◆ **Work instruction**: All lines from the top of the records below through the line holding "Stage Light Truss Silhouette Icon Vector", and only those, should be printed exactly, minus the pictures.

'''

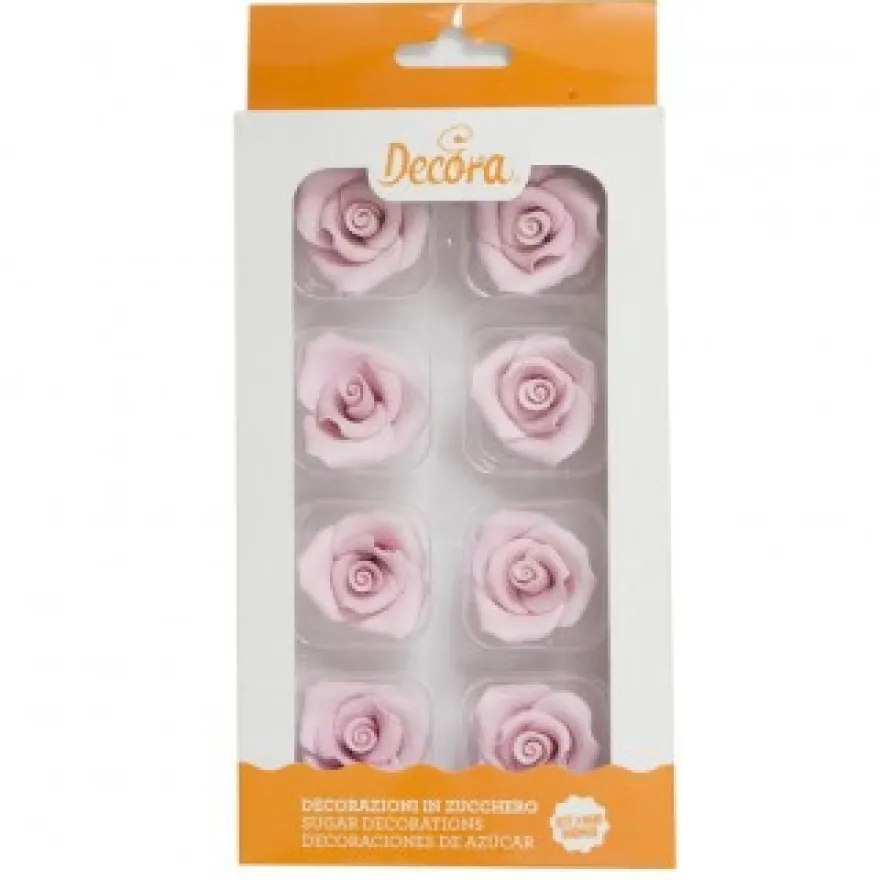 Decora Zuckerrosen 8 Stück 3cm - Rosa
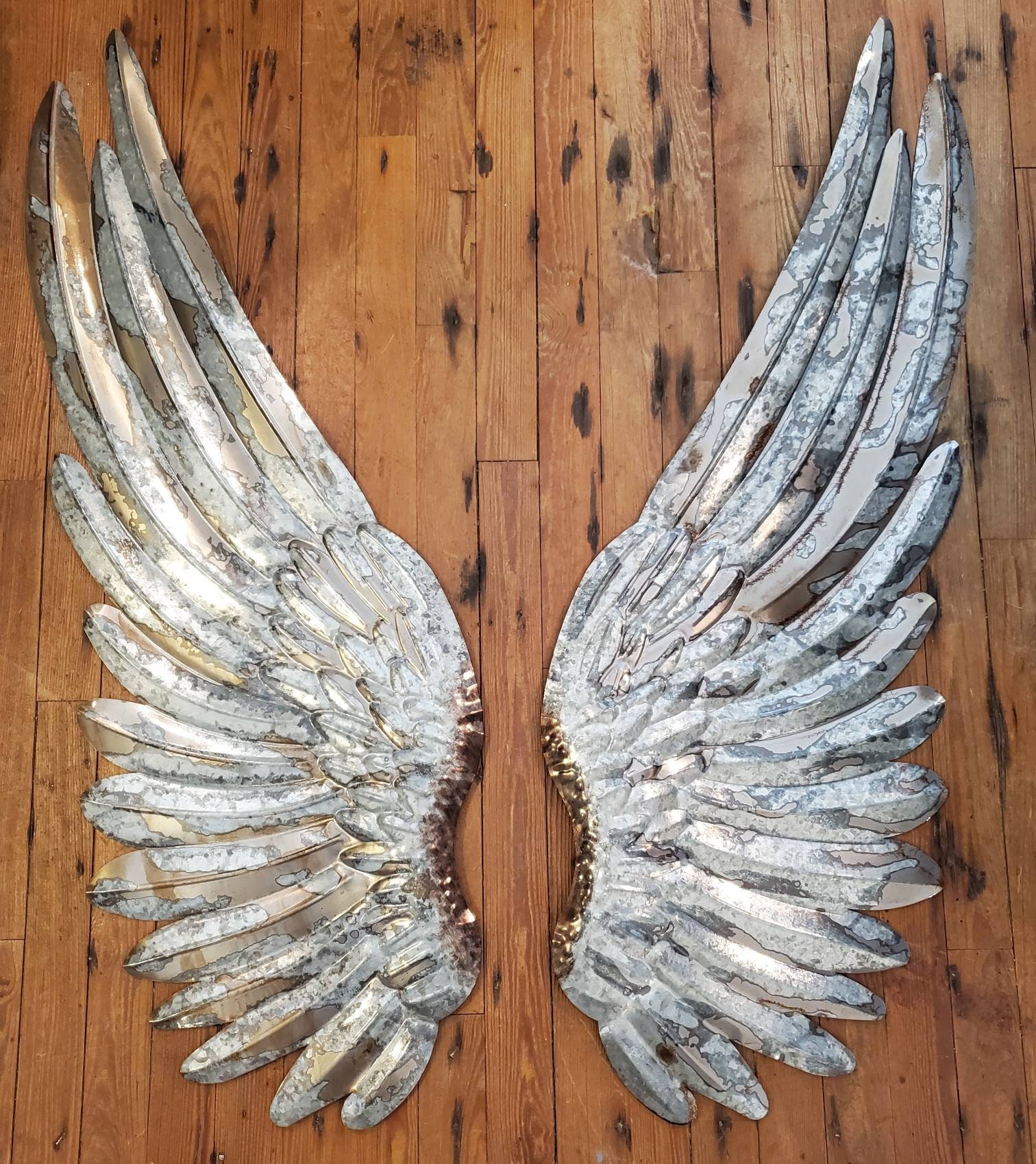 Beautiful Set Of Large 43” Galvanized Metal Angel Wings Rustic Wall Decor Pair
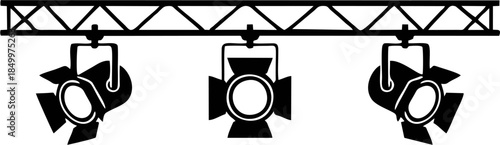 Stage Light Truss Silhouette Icon Vector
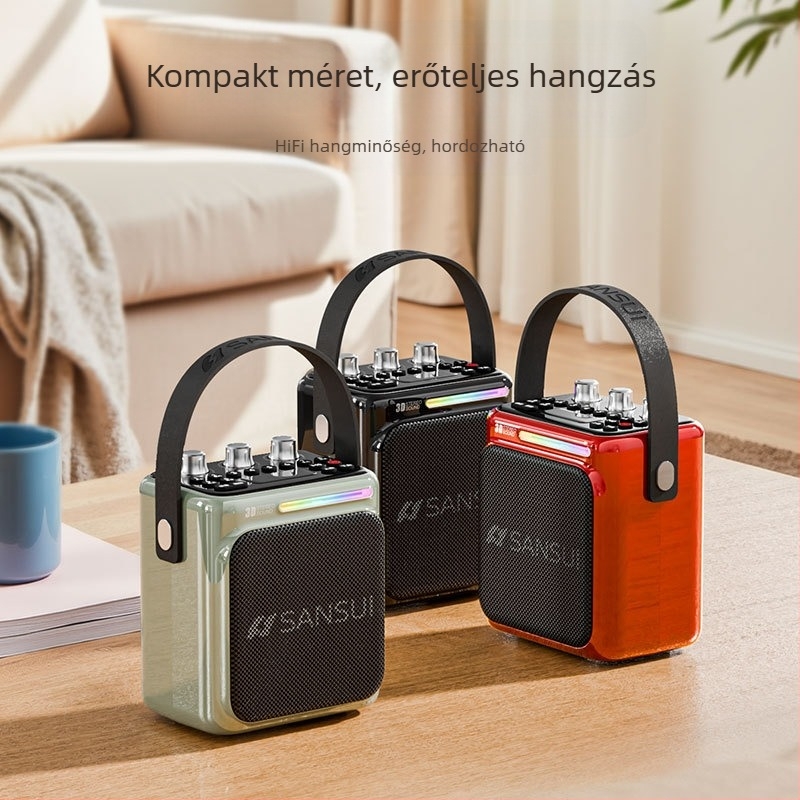 Bluetooth Karaoke hangszóró beépített akkumulátorral, 30 W kimenet, Bluetooth 5.3, frekvenciasáv 100 Hz–20 kHz, SNR ≥70 dB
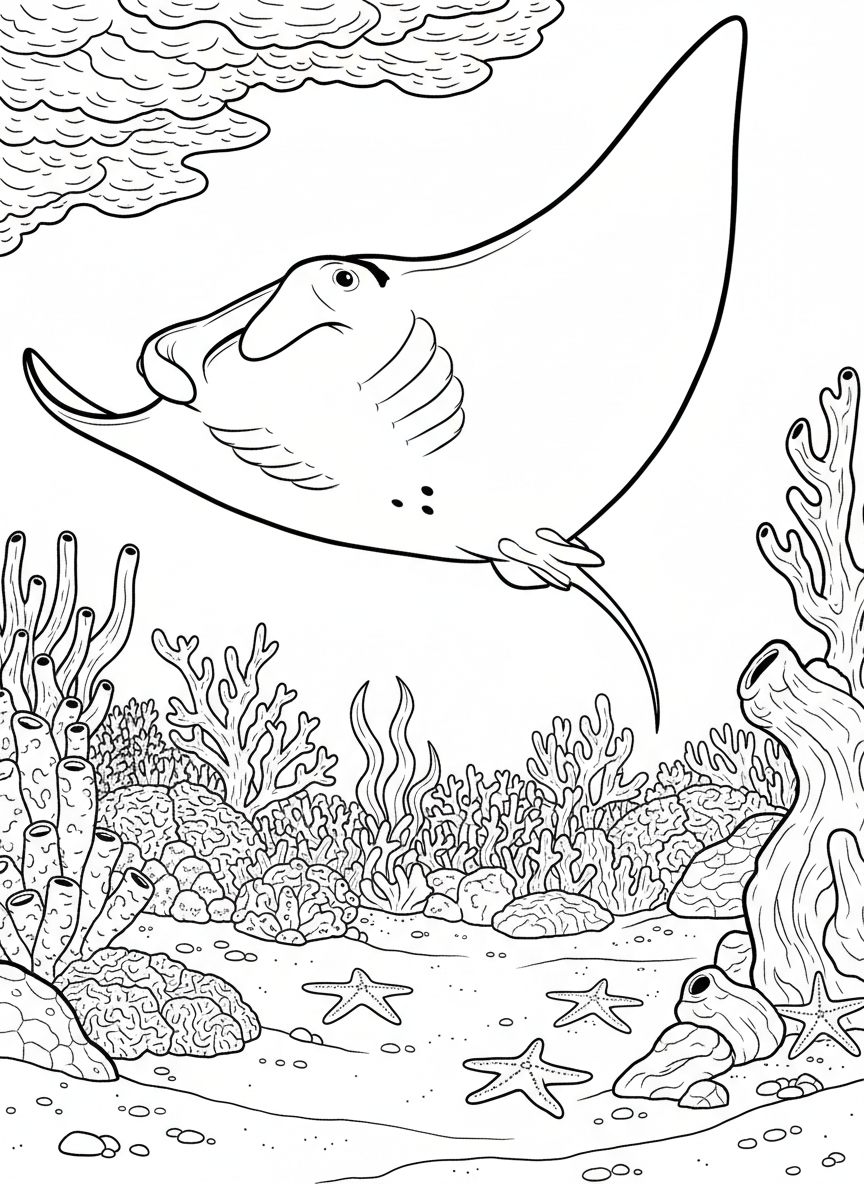 A majestic manta ray gliding over a coral garden filled with different shaped corals and starfish on the sandy bottom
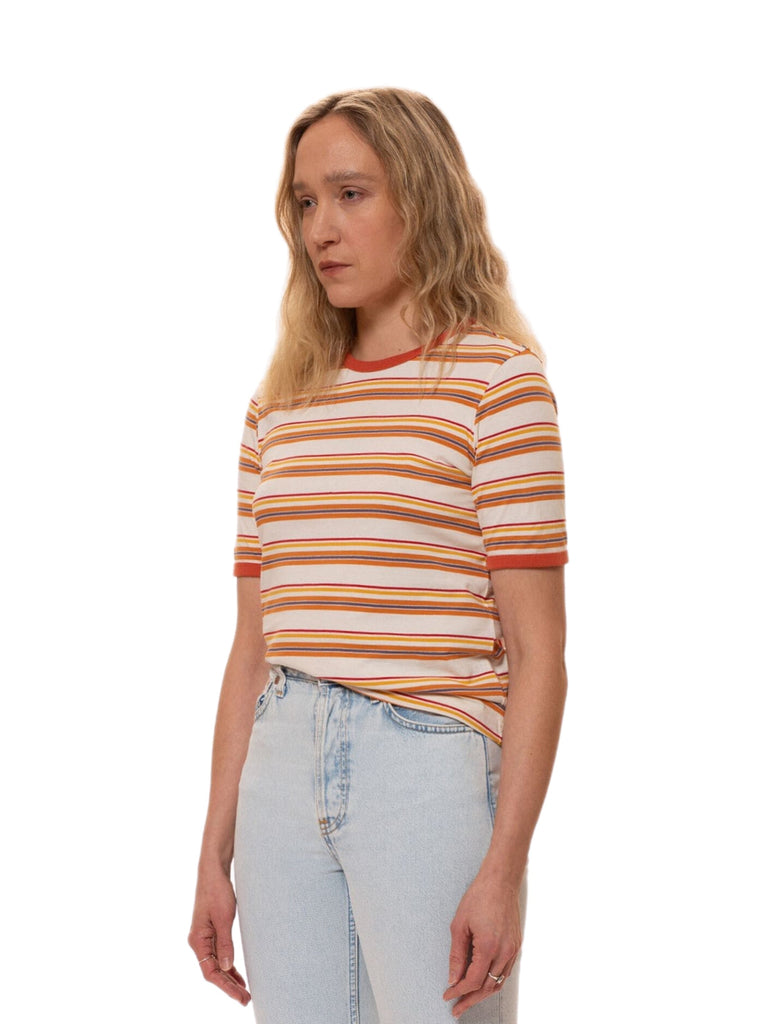 Lova Stripes Rusty Peach - INHABIT - Exclusive Stockist of Nudie Jeans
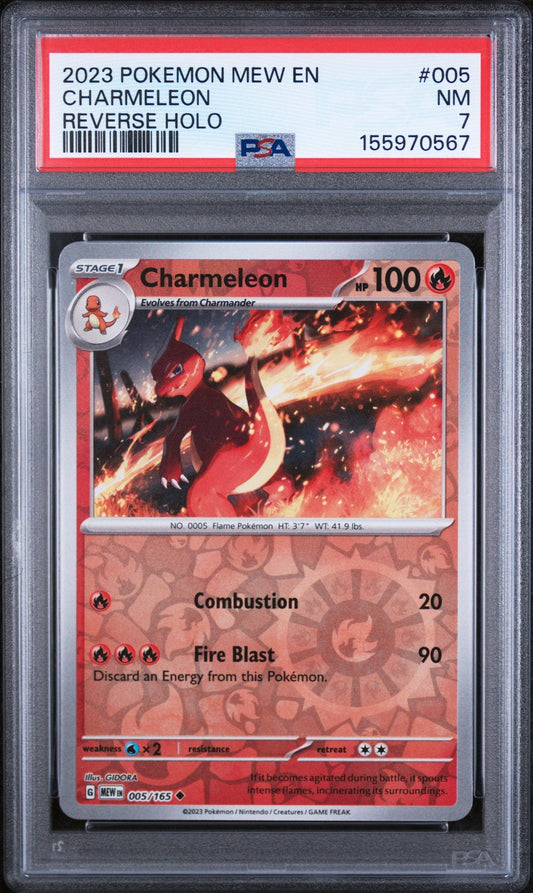 PSA 7 graded 2023 Pokémon Charmeleon reverse holo card in clear plastic slab with red label.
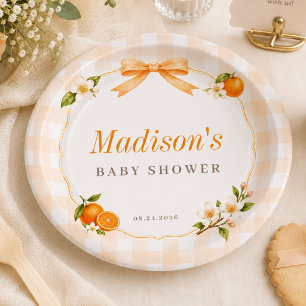 A Little Cutie Orange Simple Elegant Baby Shower Paper Plates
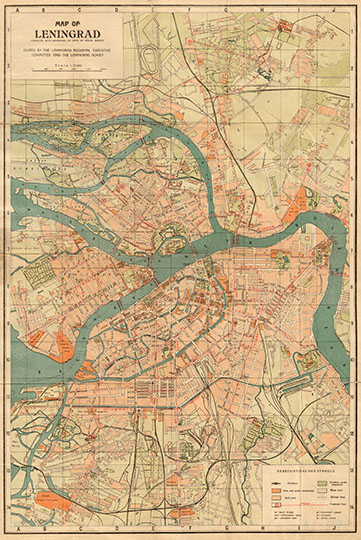 Map of Leningrad 1:22К
План Ленинграда, составленный по данным аэрофотосъемки. Издание Ленинградского Исполкома и Ленсовета. Издание - около 1934 года. Обозначения на английском языке. Масштаб - 1:22,000. Map of Leningrad compiled with reference to data of aerial survet. Edited by the Leningrad Regional Committee and the Leningrad Soviet.
Ключевые слова: Санкт-Петербург,Ленинград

'''

◆ **Response**:
 Decora Zuckerrosen 8 Stück 3cm - Rosa
 Beautiful Set Of Large 43” Galvanized Metal Angel Wings Rustic Wall Decor Pair
 Stage Light Truss Silhouette Icon Vector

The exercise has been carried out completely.